Bio: Sarah Preum is a postdoctoral fellow at Carnegie Mellon University's Human-Computer Interaction Institute. She will be joining the CS department at Dartmouth College as a tenure-track assistant professor in July 2021. At CMU, she works with Professor John Zimmerman to provide data-driven clinical decision support using AI in the Intensive Care Unit. Sarah develops data-driven, knowledge-integrated information extraction, and fusion systems to increasing human-centric systems' safety and effectiveness. She is interested in neuro-symbolic deep inference models and knowledge discovery methods to enable more capable and intelligent human-centric systems. She has developed novel natural language processing, knowledge integration, and temporal modeling techniques to provide personalized decision support for health safety. Sarah has received her Ph.D. in CS from the University of Virginia. Sarah is a recipient of the UVA Graduate Commonwealth Fellowship, the Adobe Research Graduate Scholarship, the NSF Smart and Connected Health Student Award, and the UVA Big Data Fellowship. Her work has been published in premier CS conference proceedings and journals, including ICDE, CIKM, PerCom, IPSN, ACM CSUR, and IEEE Trans. of CPS.
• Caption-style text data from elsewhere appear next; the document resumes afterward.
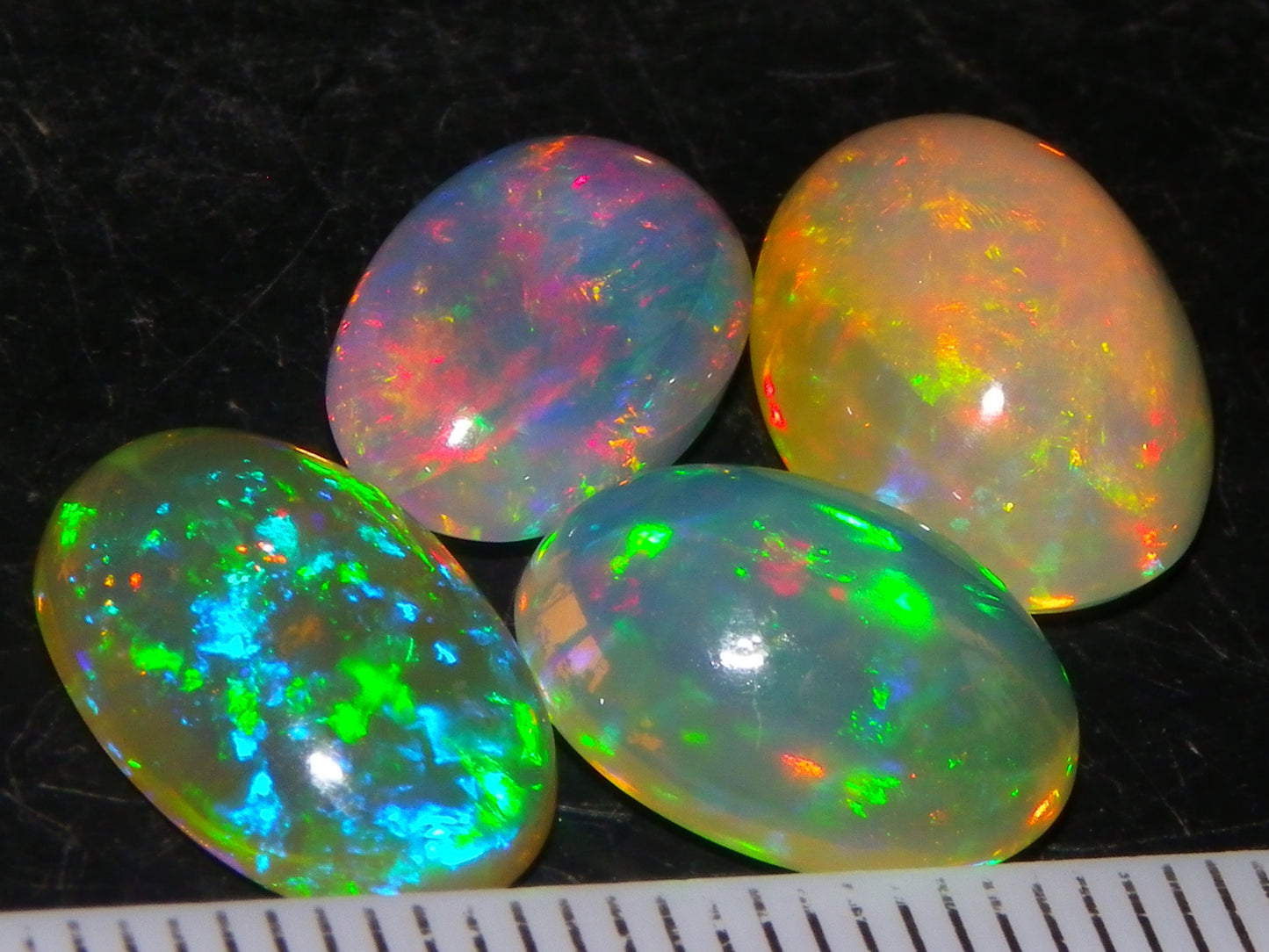 4 Nice Quality Ethiopian Welo Opal Cabs 10.5cts Multicolour Fires Green/Red/Blues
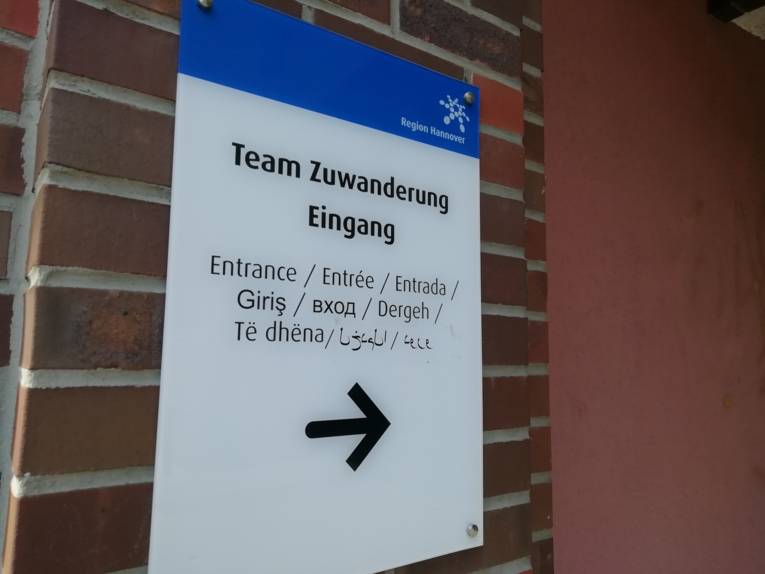 Schild an einem Eingang auf dem "Team Zuwanderung Eingang" in verschiedenen Sprachen steht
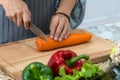 hand woman carrot with kitchen knife on cutting board. Chef cuts the vegetables into a meal Royalty Free Stock Photo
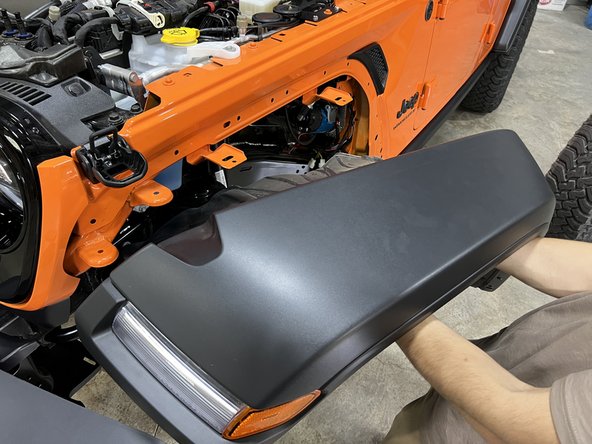 Re-install fender flare, replacing any retaining clips broken during removal.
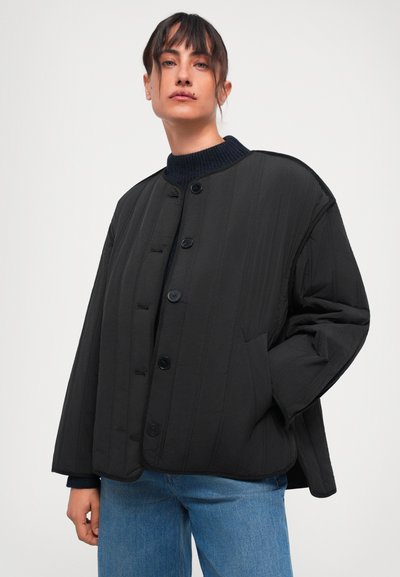 Schwarze gesteppte Jacke mit rundem Kragen, vorderem Knopfverschluss und seitlichen Taschen. Sie verfügt über vertikale Steppungen und eine lockere Passform.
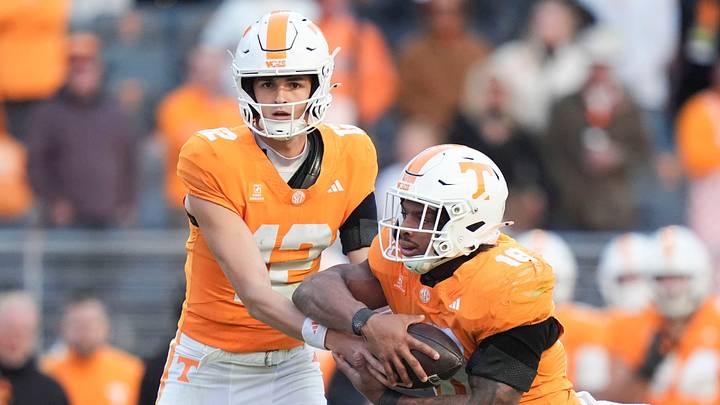 Tennessee quarterback George MacIntyre (12) hands the ball off to Tennessee running back DeSean Bishop (18) during a game between Tennessee and Alabama in Neyland Stadium in Knoxville, Tenn., Oct. 17, 2026. Tennessee quarterback George MacIntyre (12) hands the ball off to Tennessee running back DeSean Bishop (18) during a game between Tennessee and Alabama in Neyland Stadium in Knoxville, Tenn., Oct. 17, 2026.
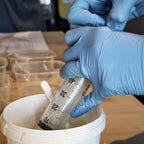 Eine Person mit blauen Handschuhen entnimmt mit einer großen Spritze Flüssigkeit für Glasuren Intensiv aus einem weißen Behälter auf einem Holztisch, in dessen Nähe sich kleine Plastikbehälter und Papier befinden - möglicherweise während eines Glasurkurses.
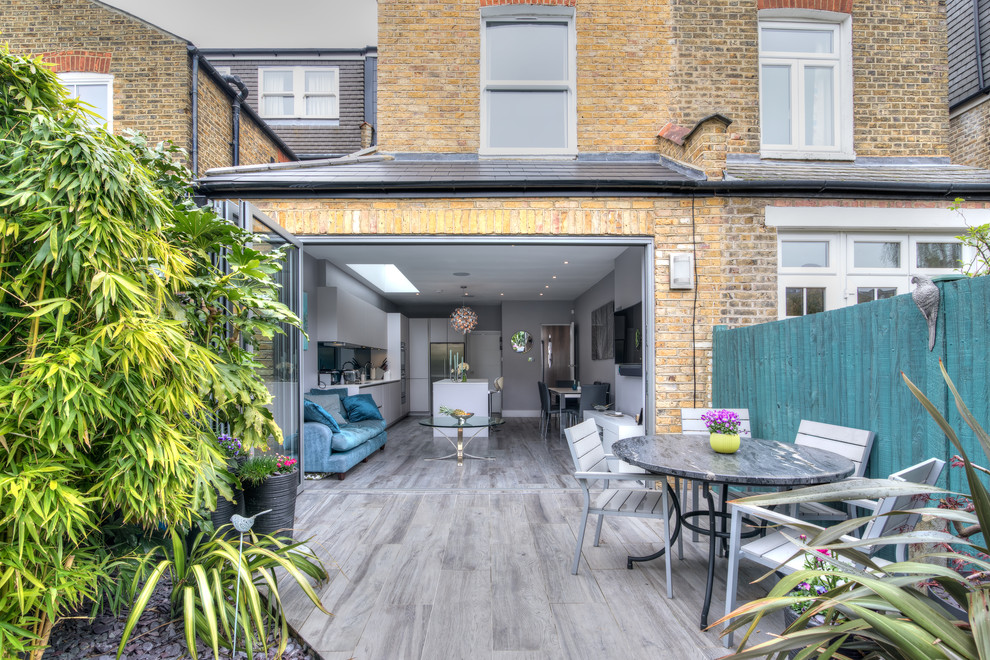 Mittelgroßer, Unbedeckter Moderner Patio hinter dem Haus mit Kübelpflanzen in Sonstige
Website: http://www.cs.virginia.edu/~sp9cx/

 

Angela Stewart

Title: "Beyond Team Makeup: Diversity in Teams Predicts Valued Outcomes in Computer-Mediated Collaborations"

Abstract: In our modern world, we must engage in computer-mediated collaborative problem solving (CPS) with diverse teams. However, teams routinely fail to live up to expectations, showcasing the need for technologies that help develop effective collaboration skills. This talk will discuss work taking a step in this direction, by investigating how different dimensions of team diversity (demographic, personality, attitudes towards teamwork, prior domain experience) predict objective (e.g. effective solutions) and subjective (e.g. positive perceptions) collaborative outcomes. We collected data from 96 triads who engaged in a 30-minute CPS task via videoconferencing. We found that demographic diversity and differing attitudes towards teamwork predicted impressions of positive engagement, while personality diversity predicted learning outcomes. Importantly, these relationships were maintained after accounting for team makeup. None of the diversity measures predicted task performance. We discuss how our findings can be incorporated into technologies that aim to help diverse teams develop CPS skills.

Bio: Angela Stewart is a new postdoc in the HCI Institute at Carnegie Mellon, working with Dr. Amy Ogan. She graduated from the Social, Emotional, and Cognitive Computing Lab at the University of Colorado Boulder, under the direction of Dr. Sidney D'Mello. Angela has long been fascinated by how technology and education intersect, to make more equitable, inclusive spaces. She is excited to share her work with you all, and be part of the CMU HCI community!